Rares aus Russland

TRIER. (gkl) Die St. Petersburger Kammersolisten waren im vierten Konzert der Kammermusikalischen Vereinigung im Kurfürstlichen Palais zu Gast. Ihr Programm gestattete dem Publikum einen Einblick in die russische Musikerseele.

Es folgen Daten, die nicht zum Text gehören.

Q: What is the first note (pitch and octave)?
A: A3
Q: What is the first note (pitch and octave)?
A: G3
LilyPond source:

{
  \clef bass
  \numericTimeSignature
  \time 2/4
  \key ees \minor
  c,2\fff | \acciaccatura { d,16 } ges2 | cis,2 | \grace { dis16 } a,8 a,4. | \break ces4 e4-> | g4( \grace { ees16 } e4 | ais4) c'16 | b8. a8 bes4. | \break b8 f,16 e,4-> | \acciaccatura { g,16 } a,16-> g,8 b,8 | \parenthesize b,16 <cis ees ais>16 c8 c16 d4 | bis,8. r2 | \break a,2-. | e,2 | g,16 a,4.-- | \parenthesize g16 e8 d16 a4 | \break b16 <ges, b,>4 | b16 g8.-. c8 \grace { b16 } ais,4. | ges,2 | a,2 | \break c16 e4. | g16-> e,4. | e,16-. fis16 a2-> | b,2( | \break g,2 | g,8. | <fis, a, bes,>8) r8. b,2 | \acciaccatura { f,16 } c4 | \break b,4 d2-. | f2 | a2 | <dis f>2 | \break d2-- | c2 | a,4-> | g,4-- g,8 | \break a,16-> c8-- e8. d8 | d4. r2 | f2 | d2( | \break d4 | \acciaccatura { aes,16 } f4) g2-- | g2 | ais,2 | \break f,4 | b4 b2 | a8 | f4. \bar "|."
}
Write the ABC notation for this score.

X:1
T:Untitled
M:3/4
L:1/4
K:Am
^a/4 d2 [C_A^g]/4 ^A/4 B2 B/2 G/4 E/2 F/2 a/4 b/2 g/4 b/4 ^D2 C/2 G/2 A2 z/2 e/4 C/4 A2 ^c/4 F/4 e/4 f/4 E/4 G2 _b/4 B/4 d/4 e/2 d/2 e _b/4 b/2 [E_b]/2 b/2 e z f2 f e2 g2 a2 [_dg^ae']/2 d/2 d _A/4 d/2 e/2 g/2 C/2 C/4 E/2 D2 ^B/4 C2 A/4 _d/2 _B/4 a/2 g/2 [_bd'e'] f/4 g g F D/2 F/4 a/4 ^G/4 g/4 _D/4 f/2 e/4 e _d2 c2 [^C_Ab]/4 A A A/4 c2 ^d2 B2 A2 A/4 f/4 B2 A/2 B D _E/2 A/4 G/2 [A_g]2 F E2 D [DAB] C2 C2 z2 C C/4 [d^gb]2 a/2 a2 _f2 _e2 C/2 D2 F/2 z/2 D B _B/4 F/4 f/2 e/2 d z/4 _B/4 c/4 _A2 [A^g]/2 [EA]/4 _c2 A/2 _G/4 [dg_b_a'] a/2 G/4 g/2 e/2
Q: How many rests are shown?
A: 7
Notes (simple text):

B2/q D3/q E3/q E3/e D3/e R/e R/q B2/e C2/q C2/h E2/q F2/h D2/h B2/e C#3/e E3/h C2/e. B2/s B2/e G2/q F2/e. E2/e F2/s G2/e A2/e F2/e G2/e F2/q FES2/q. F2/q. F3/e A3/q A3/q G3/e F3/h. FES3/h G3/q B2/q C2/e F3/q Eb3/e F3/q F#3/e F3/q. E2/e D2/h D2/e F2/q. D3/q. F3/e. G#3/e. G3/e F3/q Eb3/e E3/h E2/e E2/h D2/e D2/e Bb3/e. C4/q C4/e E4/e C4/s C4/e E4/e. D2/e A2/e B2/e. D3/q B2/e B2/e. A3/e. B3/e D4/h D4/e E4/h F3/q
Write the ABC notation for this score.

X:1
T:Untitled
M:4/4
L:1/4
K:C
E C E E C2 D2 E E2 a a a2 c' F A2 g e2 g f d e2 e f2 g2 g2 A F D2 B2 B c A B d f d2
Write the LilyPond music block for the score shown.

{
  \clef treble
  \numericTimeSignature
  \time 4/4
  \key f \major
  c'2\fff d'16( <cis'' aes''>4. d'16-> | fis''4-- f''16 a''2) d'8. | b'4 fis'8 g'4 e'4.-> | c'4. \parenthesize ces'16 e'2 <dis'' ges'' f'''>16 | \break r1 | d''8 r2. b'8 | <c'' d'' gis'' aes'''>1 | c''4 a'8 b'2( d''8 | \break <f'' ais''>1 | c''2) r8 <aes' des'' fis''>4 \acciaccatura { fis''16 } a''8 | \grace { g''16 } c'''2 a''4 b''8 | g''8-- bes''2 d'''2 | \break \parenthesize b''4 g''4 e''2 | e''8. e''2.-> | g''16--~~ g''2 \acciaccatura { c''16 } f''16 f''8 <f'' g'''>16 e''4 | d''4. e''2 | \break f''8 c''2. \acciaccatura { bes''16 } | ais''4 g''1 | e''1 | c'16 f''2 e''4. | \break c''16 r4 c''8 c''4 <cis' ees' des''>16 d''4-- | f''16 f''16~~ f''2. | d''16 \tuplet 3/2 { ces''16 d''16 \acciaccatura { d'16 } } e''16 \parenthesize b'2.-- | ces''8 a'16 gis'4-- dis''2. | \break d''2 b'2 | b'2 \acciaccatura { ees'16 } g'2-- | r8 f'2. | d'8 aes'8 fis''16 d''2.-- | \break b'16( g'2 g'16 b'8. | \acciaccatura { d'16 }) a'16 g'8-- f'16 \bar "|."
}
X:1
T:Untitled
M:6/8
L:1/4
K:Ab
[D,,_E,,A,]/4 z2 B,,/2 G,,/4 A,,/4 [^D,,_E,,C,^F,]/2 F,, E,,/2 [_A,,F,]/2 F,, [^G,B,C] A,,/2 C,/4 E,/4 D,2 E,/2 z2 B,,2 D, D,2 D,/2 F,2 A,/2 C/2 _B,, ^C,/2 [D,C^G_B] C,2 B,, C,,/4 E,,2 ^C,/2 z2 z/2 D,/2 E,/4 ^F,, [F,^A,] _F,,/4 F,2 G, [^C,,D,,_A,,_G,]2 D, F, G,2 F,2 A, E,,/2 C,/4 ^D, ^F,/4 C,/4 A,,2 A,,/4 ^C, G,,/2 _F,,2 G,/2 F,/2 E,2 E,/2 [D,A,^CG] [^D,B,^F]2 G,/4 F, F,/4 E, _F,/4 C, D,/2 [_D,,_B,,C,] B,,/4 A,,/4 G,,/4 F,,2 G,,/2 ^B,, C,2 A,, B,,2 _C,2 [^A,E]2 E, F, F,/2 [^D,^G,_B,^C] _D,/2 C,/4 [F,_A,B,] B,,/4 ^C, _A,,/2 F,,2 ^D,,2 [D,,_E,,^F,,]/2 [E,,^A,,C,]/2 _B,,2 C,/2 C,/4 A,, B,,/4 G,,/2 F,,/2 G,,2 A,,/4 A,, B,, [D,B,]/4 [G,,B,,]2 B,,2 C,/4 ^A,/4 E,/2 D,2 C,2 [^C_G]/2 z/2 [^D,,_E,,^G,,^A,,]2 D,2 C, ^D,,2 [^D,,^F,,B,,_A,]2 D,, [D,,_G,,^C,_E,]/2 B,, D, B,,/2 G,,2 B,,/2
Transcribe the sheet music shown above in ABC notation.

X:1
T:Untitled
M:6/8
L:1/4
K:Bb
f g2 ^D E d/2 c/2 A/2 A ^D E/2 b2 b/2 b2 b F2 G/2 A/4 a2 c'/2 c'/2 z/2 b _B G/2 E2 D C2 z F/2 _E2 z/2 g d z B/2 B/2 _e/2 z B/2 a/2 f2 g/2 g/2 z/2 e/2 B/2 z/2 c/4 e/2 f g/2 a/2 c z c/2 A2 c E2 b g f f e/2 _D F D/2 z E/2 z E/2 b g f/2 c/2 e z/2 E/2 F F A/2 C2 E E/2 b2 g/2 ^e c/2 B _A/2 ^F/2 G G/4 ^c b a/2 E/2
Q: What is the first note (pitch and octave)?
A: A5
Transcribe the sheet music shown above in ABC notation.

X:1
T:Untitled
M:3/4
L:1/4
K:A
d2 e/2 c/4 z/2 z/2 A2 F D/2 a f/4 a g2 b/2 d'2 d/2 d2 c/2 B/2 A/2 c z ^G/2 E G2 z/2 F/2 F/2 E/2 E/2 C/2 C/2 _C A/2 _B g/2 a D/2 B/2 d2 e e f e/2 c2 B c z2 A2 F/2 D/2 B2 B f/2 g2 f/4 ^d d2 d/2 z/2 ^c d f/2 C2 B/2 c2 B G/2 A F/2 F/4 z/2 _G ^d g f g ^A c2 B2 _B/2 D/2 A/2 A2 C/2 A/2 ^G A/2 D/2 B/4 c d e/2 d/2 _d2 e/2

Dankbar muss man der kammermusikalischen Vereinigung Trier sein für das vierte Konzert der laufenden Saison. Dankbar dafür, dass sie die St.Petersburger Kammersolisten an die Mosel und ins kurfürstliche Palais geholt hat. Die fünf Musiker sind alle Absolventen des Petersburger Konservatoriums, weshalb man in Sachen Qualität die Erwartungshaltung schon recht hoch ansetzen konnte. In ihrem Reisegepäck hatten Ilya Iloff und Lidia Kovalenko (Violine), Alexei Ludevig (Viola), der Cellist Alexei Massarsky und der Pianist Igor Uryash nur zwei Werke ­ aber die hatten es in sich. Das Quintett Opus 57 von Dimitri Schostakowitsch und jenes von Sergei Iwanowitsch Tanejew gehören zwar zum Standardrepertoire dieser Besetzung, sind aber wegen ihrer Ausdehnung und Ansprüche relativ selten zu hören. Tanejew wurde oft vorgeworfen, seine Kompositionen seine trocken, mathematisch und uninspiriert. Wer in Trier dieses gewaltige, 1911 entstandene Opus hörte, konnte sich dieser Meinung nicht anschließen. Kompositionstechnisch zwar ausgereift und zweifellos ein Meisterwerk, war es doch überbordend von Emotion und ergreifender Lyrik. Hier kam ein musikalischer Schriftsteller zu Wort, der unglaublich viel mitzuteilen hat. Dass seine Gedankengänge deutlich und verständlich wurden, verdankte das Publikum im nahezu ausverkauften Saal der kaum zu übertreffenden Qualität der Ausführenden. Sie legten den innersten Kern dieses schon an eine Sinfonie erinnernden Werks frei, trafen den lebensspendenden Nerv. Nicht anders war es schon vor der Pause. Schostakowitsch erschuf sein g-Moll-Quintett auf Wunsch des seinerzeit weltberühmten Beethovenquartetts und setzte sowohl in Form als auch in der Ausdehnung einen Markstein in seinem kammermusikalischen Schaffen. In der Interpretation der Petersburger Musiker konnte man nicht sicher sein, ob man wirklich ein Klavierquintett hörte oder ob man sich in einer großen Kathedrale befindet, in der eine gewaltige Orgel den Raum erfüllt. Zumindest in den ersten beiden Sätzen wurde man häufig an das sakrale Schaffen Max Regers erinnert. Es war nahezu unmöglich, sich dem Wechselbad der musikalischen Gefühle, das die Künstler dem Publikum bereiteten, zu entziehen. Vielleicht bedarf es tatsächlich einer Petersburger Seele, um diese Musik so vollendet darzustellen, die haufenweise auftretenden Brüche so miteinander zu verbinden, dass ein geschlossenes Ganzes daraus wird, bei dem der Zuhörer am Ende sagt: aufregend schön.